REQUIREMENT:
Transcribe the whole listing exactly; the images stay out.

INFORMATION SHOWN:
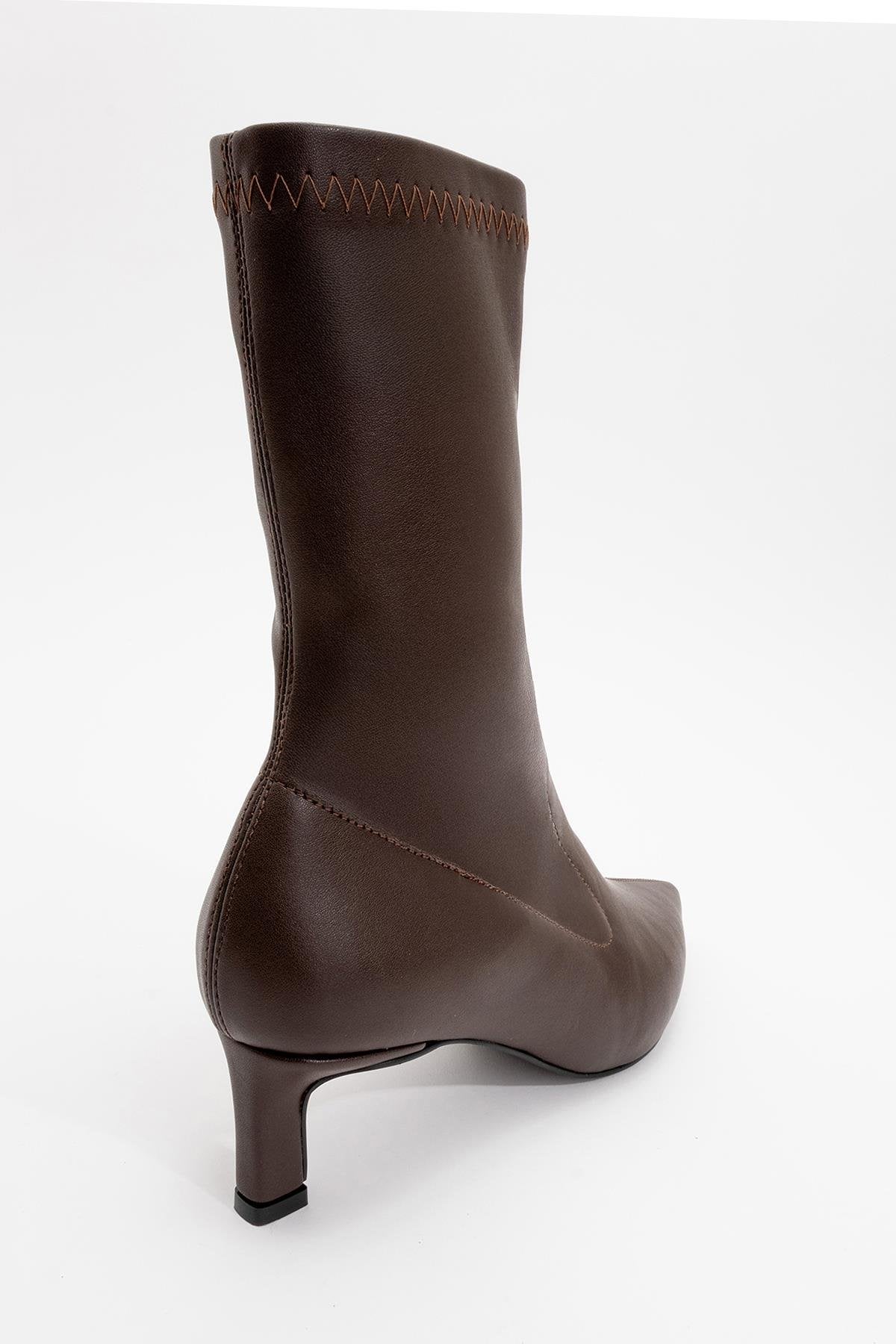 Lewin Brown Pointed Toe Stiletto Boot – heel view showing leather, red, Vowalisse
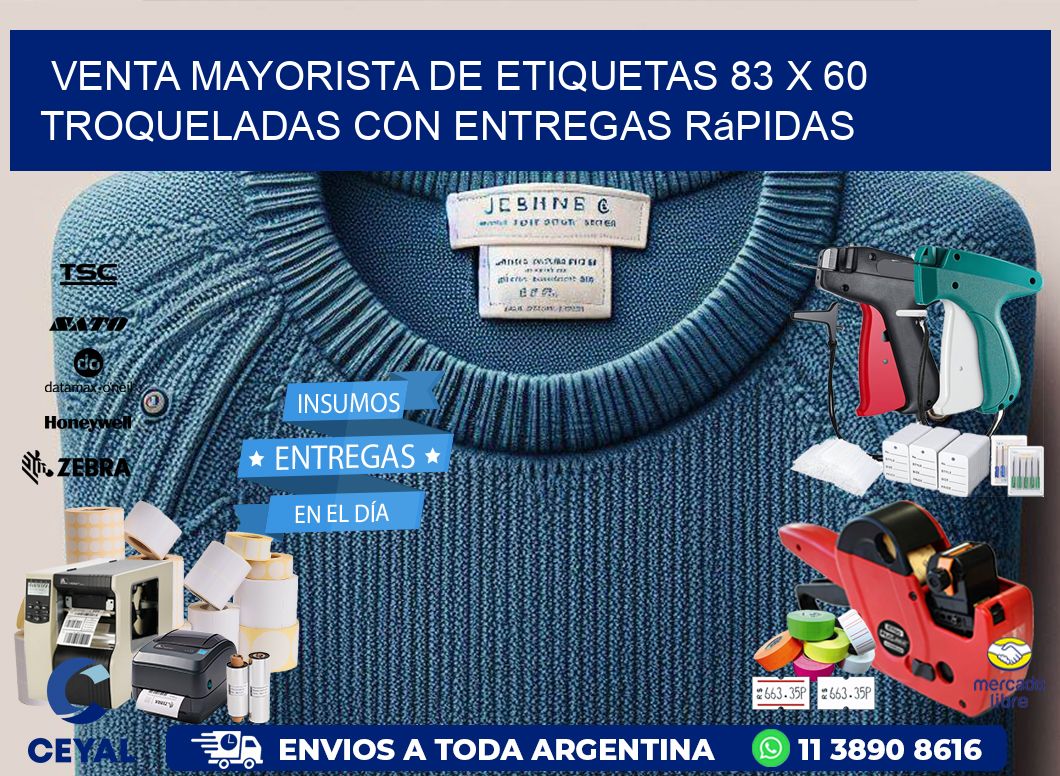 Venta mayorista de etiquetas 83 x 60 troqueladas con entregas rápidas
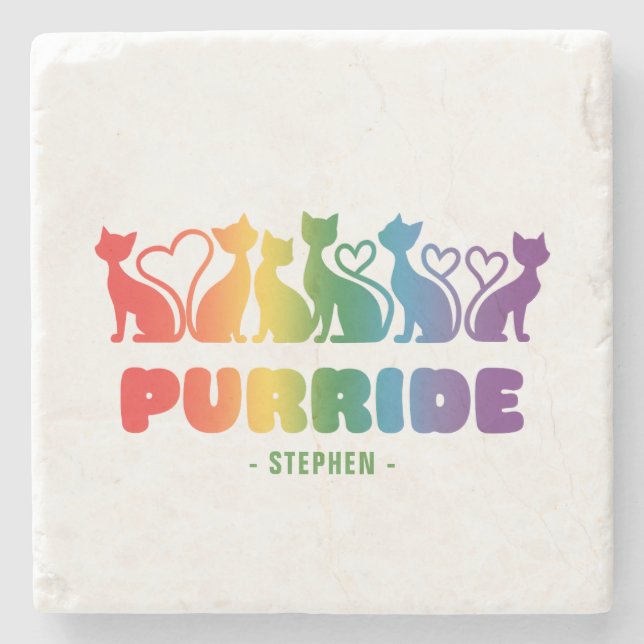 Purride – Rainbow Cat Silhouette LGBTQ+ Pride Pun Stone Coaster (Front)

TASK RESPONSE:
 Lewin Brown Pointed Toe Stiletto Boot – heel view showing leather, red, Vowalisse
 Venta mayorista de etiquetas 83 x 60 troqueladas con entregas rápidas
 Purride – Rainbow Cat Silhouette LGBTQ+ Pride Pun Stone Coaster (Front)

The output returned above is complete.